+++ Data for review +++

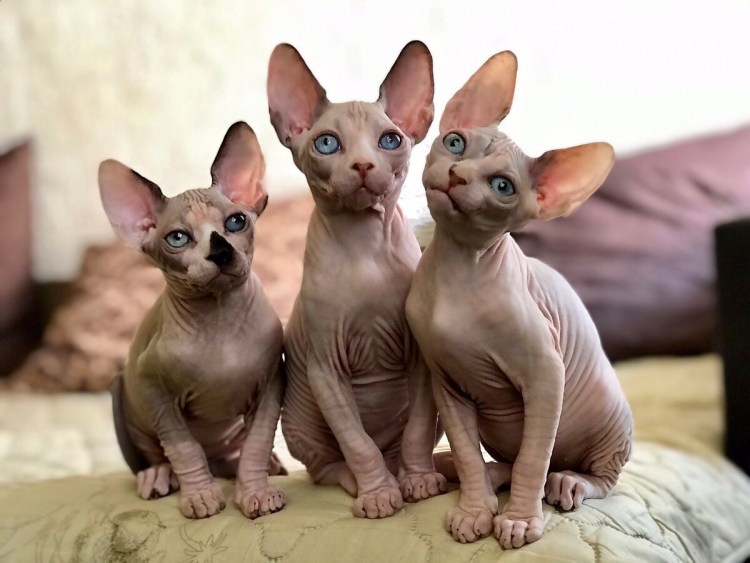 Лысые собаки сфинксы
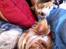 Biewer yorkshire terrier LULU - nu sover vi igen lulu og ida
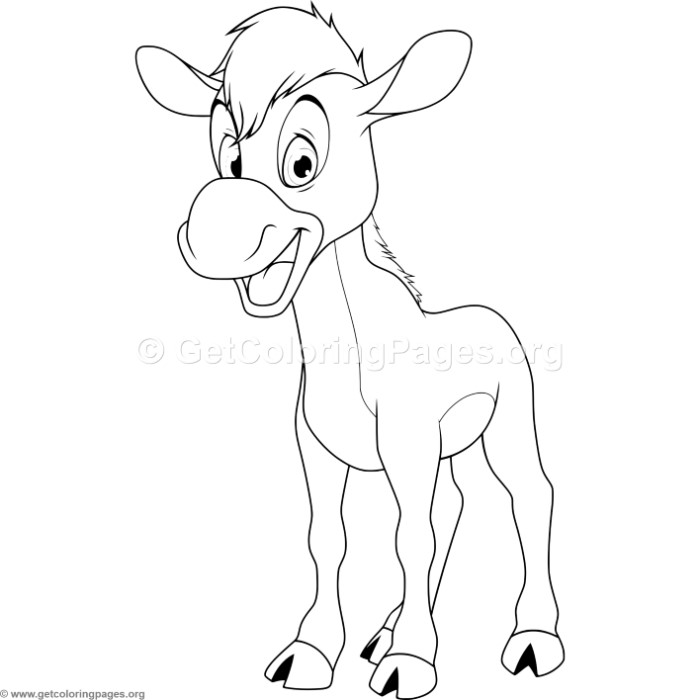 700x700 Baby Horse Coloring Pages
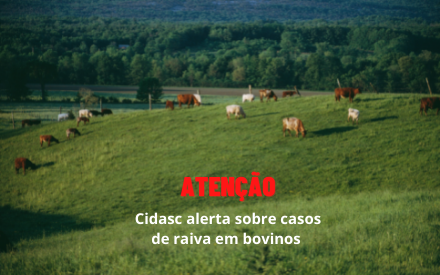 You are currently viewing Cidasc alerta sobre casos de raiva em bovinos no Médio Vale do Itajaí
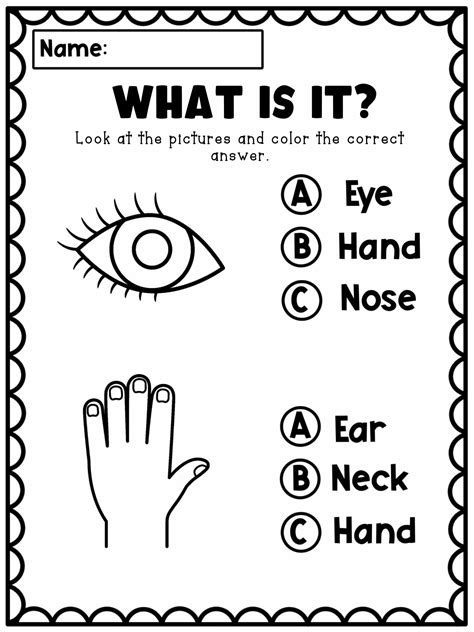 Body Parts Worksheets For Kids Made By Teachers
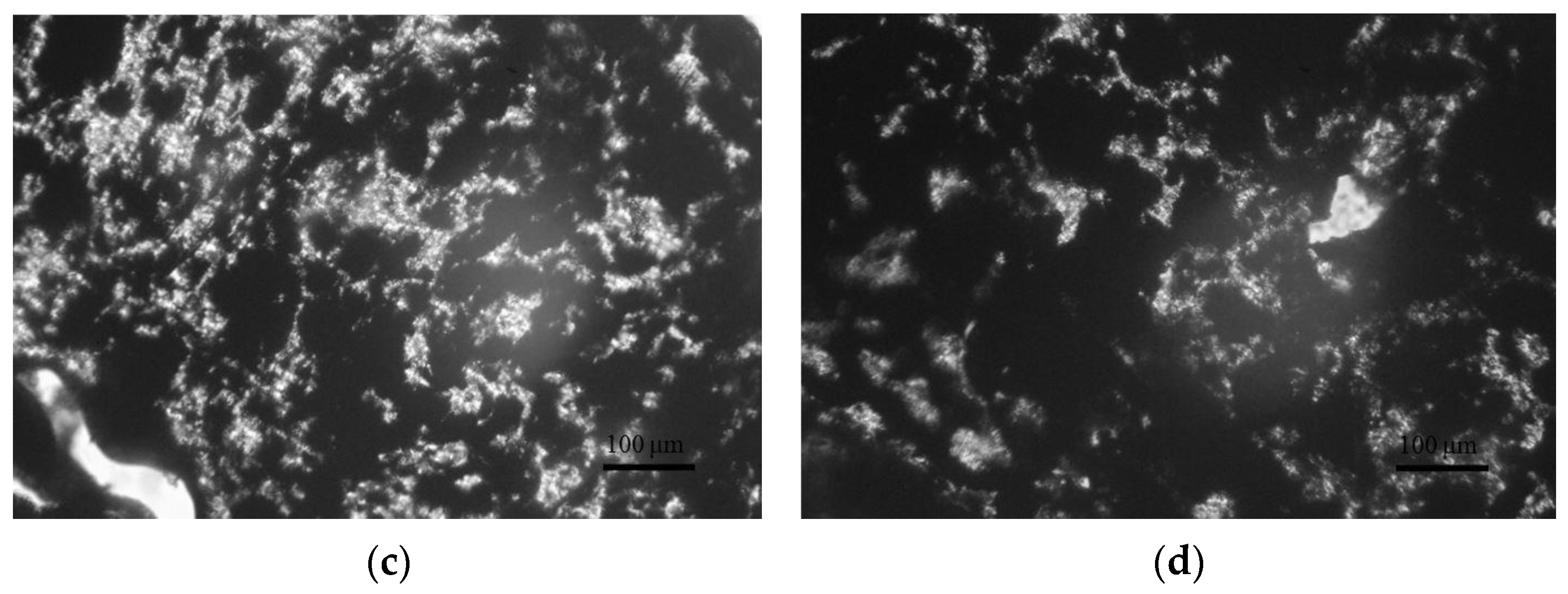 Polymers 14 04022 g006b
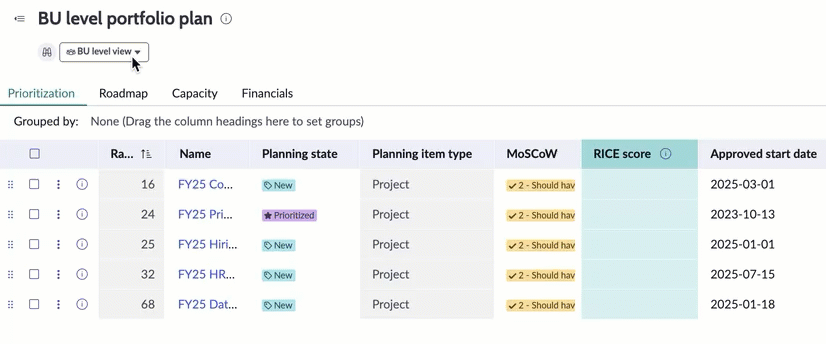 Edit portfolio plan view name.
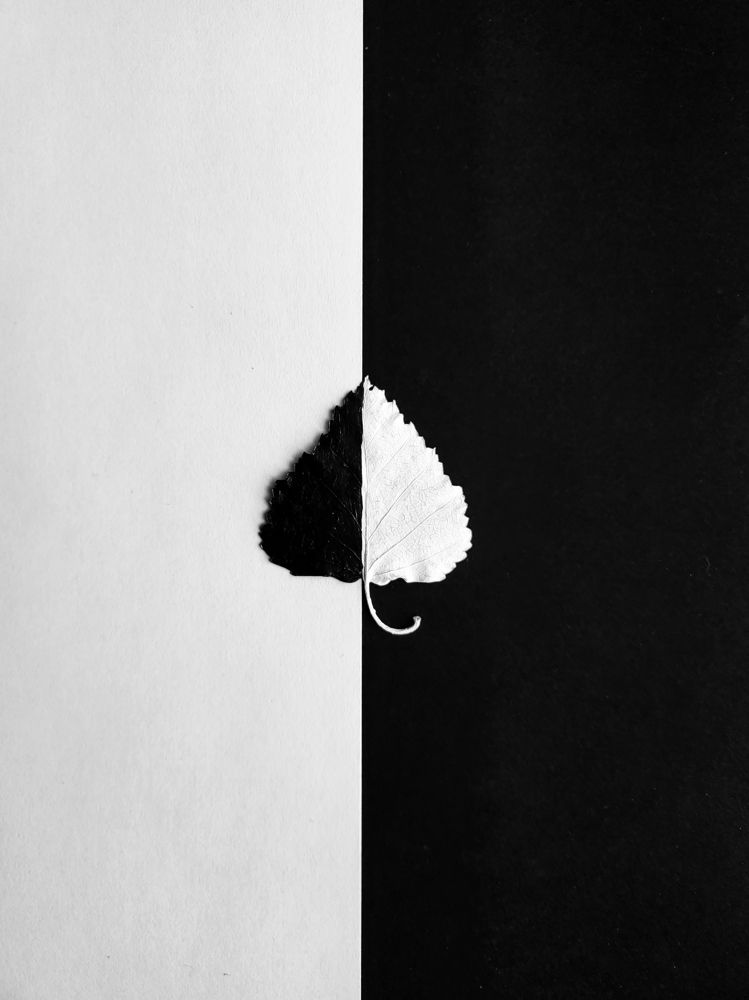 Photograph by Людмила Аксенова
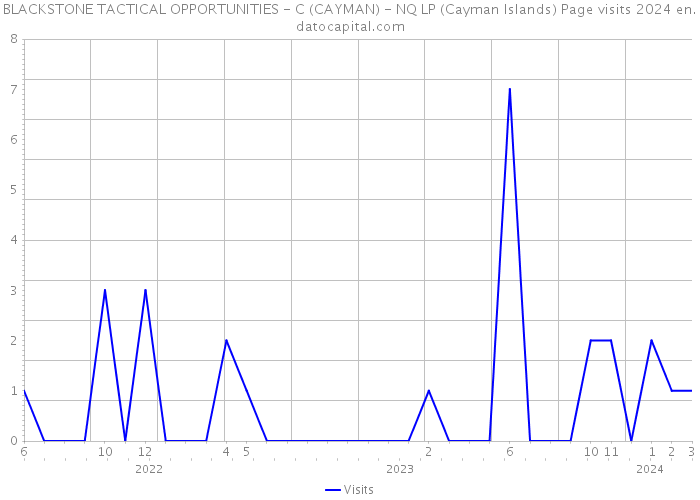 BLACKSTONE TACTICAL OPPORTUNITIES - C (CAYMAN) - NQ LP (Cayman Islands) Page visits 2024 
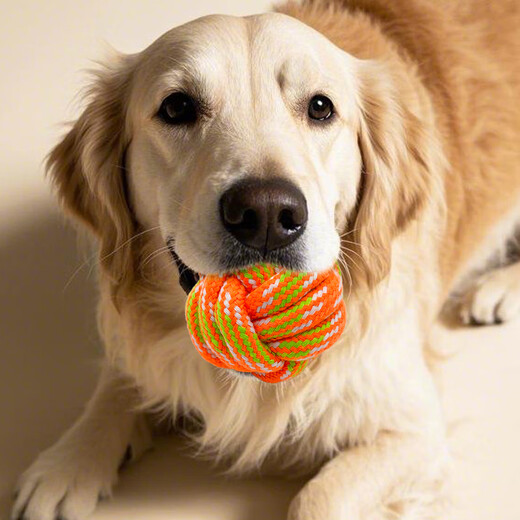 Zanpet Macaron, bite-resistant and molar-resistant rope ball 3-piece set, large size, pet big dog dog toy, self-entertainment and boredom relief, Bichon Frize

+++

→ Task to carry out
Give every record back exactly as it reads, with no images.

→ Reply to the task
 Лысые собаки сфинксы
 Biewer yorkshire terrier LULU - nu sover vi igen lulu og ida
 700x700 Baby Horse Coloring Pages
 You are currently viewing Cidasc alerta sobre casos de raiva em bovinos no Médio Vale do Itajaí
 Body Parts Worksheets For Kids Made By Teachers
 Polymers 14 04022 g006b
 Edit portfolio plan view name.
 Photograph by Людмила Аксенова
 BLACKSTONE TACTICAL OPPORTUNITIES - C (CAYMAN) - NQ LP (Cayman Islands) Page visits 2024 
 Zanpet Macaron, bite-resistant and molar-resistant rope ball 3-piece set, large size, pet big dog dog toy, self-entertainment and boredom relief, Bichon Frize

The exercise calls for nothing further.